HALLLOOOO AUFWACHEN!

Nachtrag: Also 2 Warmduscher Brasilianer sind am Start! kann jemand Jürgen eine SMS schicken und aus dem Bett werfen? hab leider seine Nummer nicht, also 10:30 wie ausgemacht am Start


----------



## DIRK SAYS (7. September 2008)

Ich bin raus. Meine Frau ist gestern gestürzt und kann nicht auftreten. Waren schon im KHaus. Bin heute Kindermädchen. 

Wissembourg?


----------



## Landei-Forst (7. September 2008)

speedygonzales schrieb:


> HALLLOOOO AUFWACHEN!
> 
> Nachtrag: Also 2 Warmduscher Brasilianer sind am Start! kann jemand Jürgen eine SMS schicken und aus dem Bett werfen? hab leider seine Nummer nicht, also 10:30 wie ausgemacht am Start



Argl, eben erst aufgewacht. Jetzt ist es zu spät .


----------



## speedygonzales (7. September 2008)

DIRK SAYS schrieb:


> Ich bin raus. Meine Frau ist gestern gestürzt und kann nicht auftreten. Waren schon im KHaus. Bin heute Kindermädchen.

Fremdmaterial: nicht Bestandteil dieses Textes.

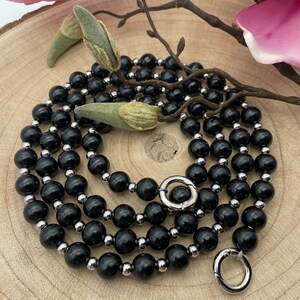 Könnte beinhalten: Eine schwarze Perlenkette mit silbernen Akzenten und zwei silbernen Verschlüssen. Die Kette liegt auf einer Holzoberfläche.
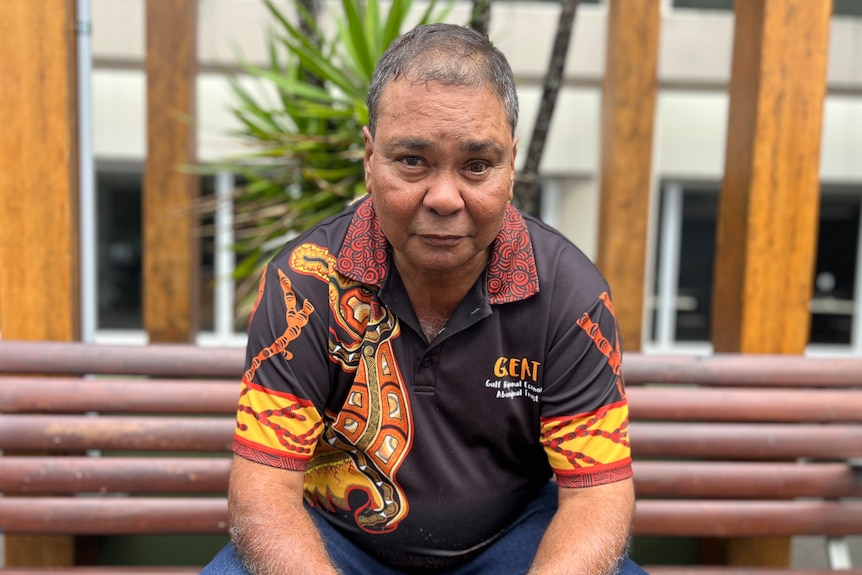 An Indigenous man with short, thinning hair, wearing a branded polo shirt, sits on a bench.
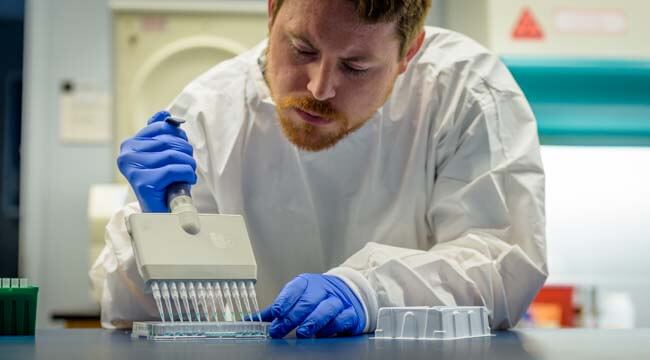 Man in white coat working in lab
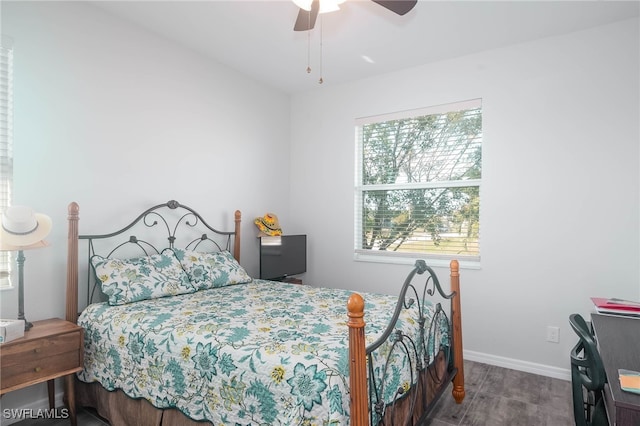 bedroom with hardwood / wood-style flooring and ceiling fan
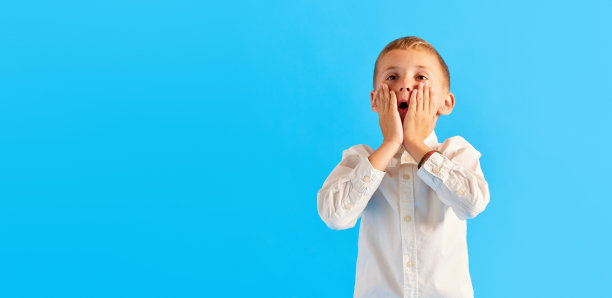 情绪化的小男孩，孩子，小学生，穿着白衬衫，满脸震惊地站在蓝色的画室背景下图片下载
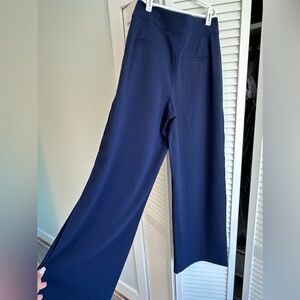 High rise dress pants. Stitch detail on sides.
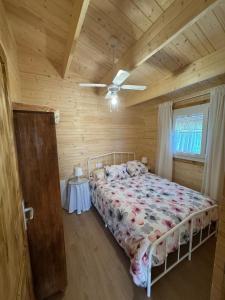 a bedroom with a bed and a wooden ceiling at El Palmito Rural Home in Jerez de la Frontera +5 photos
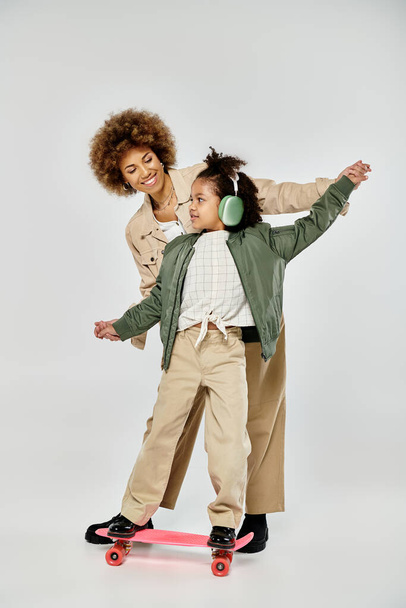 Кучерява афроамериканська мати і дочка в стильному одязі впевнено катаються разом на сірому фоні. - Фото, зображення
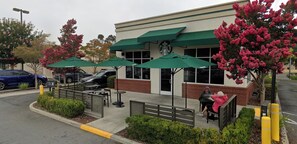 Um Starbucks com área externa, fachada de tijolos e um estacionamento ao fundo.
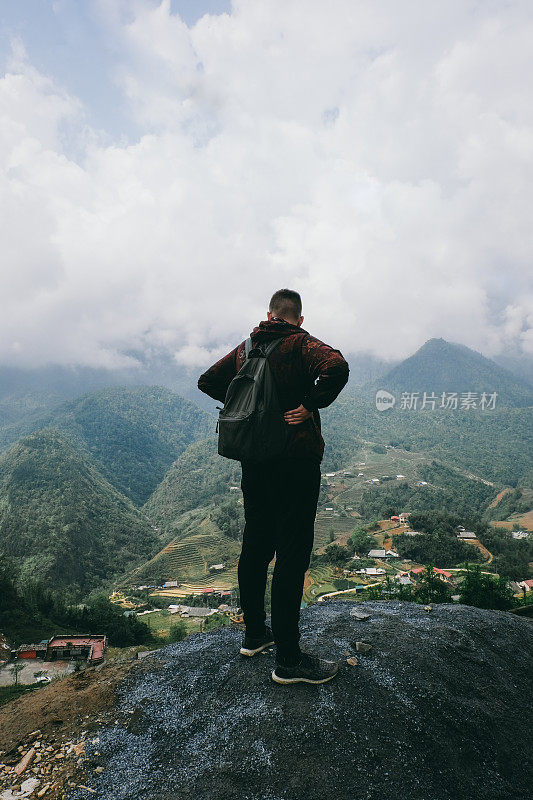 在越南，一名男子正在欣赏梯田和山脉的景色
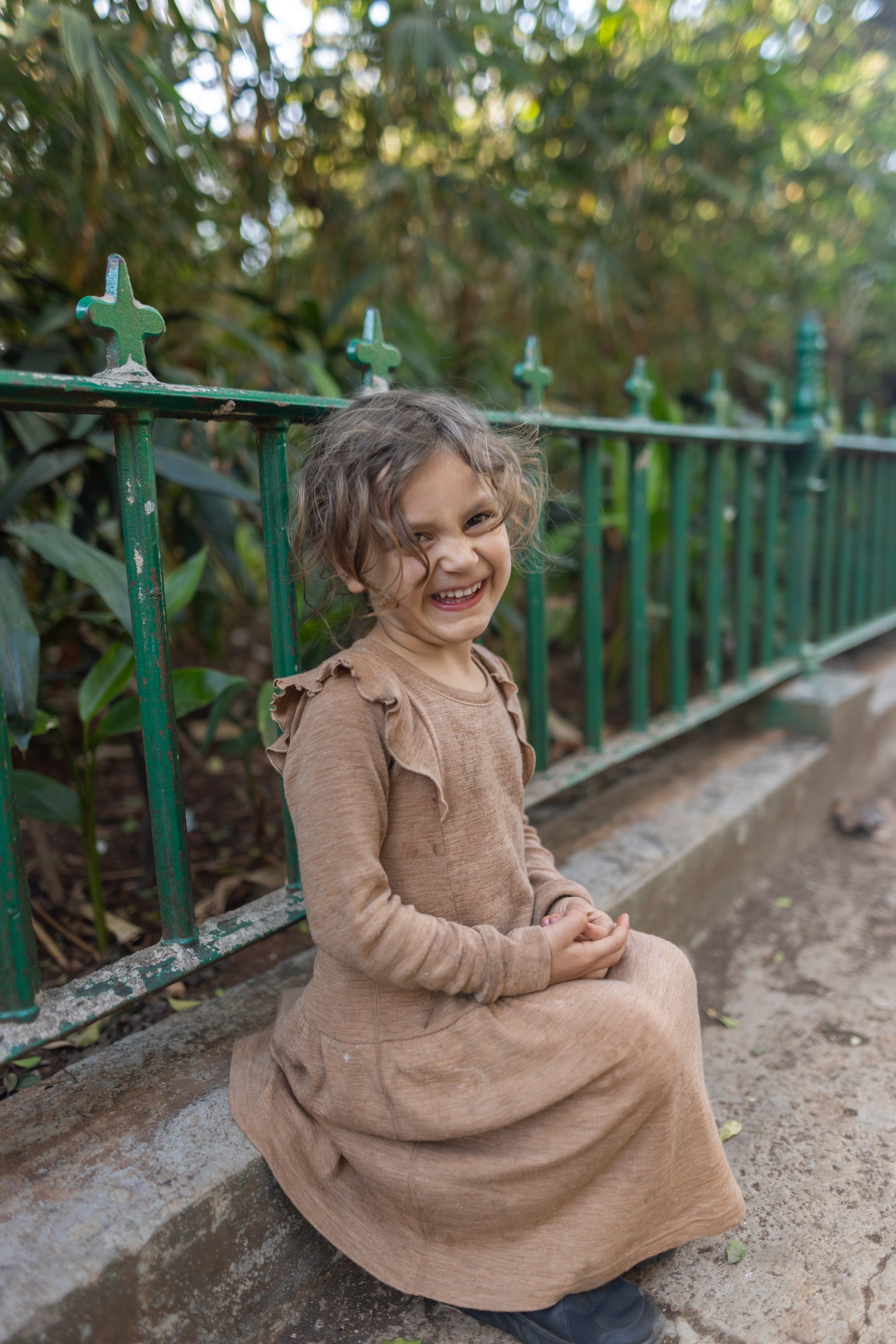 Smiling Girl in Brown Dress Sitting by Green Fence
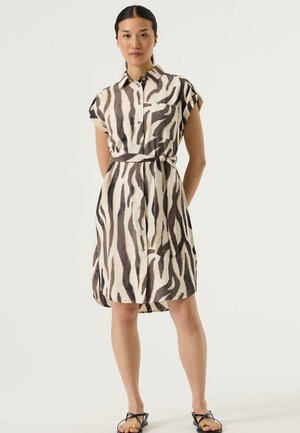 Robe chemise boutonnée couleur crème avec des rayures zèbre noires et marron. Manches courtes, taille ceinturée et une seule poche poitrine. Texture de tissu lisse.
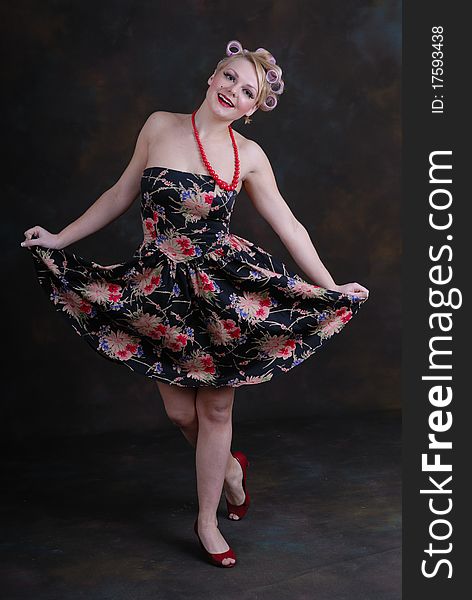 Photograph showing retro style 50s female posing against black. Photograph showing retro style 50s female posing against black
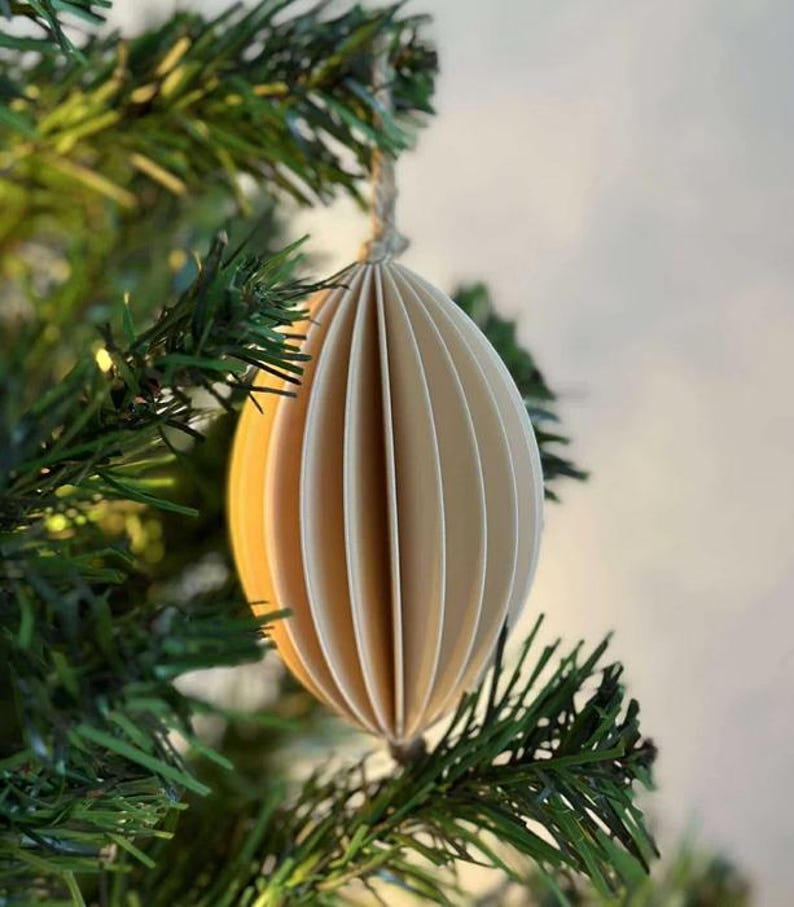 May include: A cream-colored, paper Christmas ornament in an oval shape, suspended from a twine string. The ornament has a pleated design, with vertical lines creating a textured appearance. The ornament hangs on a green Christmas tree branch.
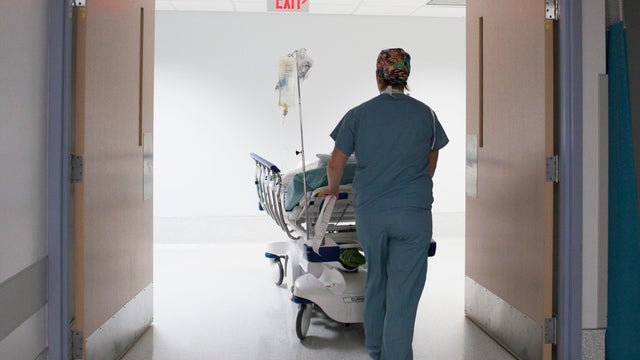 Nurse pushing patient in hospital bed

huch, hoffentlich nichts gebrochen, richte gute Besserung aus!

@Landei

wenn Dich beeilst schaft Du es noch.. ich schike Dir mein Handy Nummer gleich per PM wir können ja etwas warten.. ich fahre jetzt los


----------



## iTom (7. September 2008)

@speedy, jürgen, dirk

Wenn ihr heute nicht mitgefahren seid, dann sollte Jürgen aus 
The Pussy-Side of life
The Pussies-Side of life

machen


----------



## MTB-News.de




----------



## Tequila Sunrise (7. September 2008)

Mei, schön wars!
Wer sich nicht aus der Kiste quälen konnte, hat was verpasst. 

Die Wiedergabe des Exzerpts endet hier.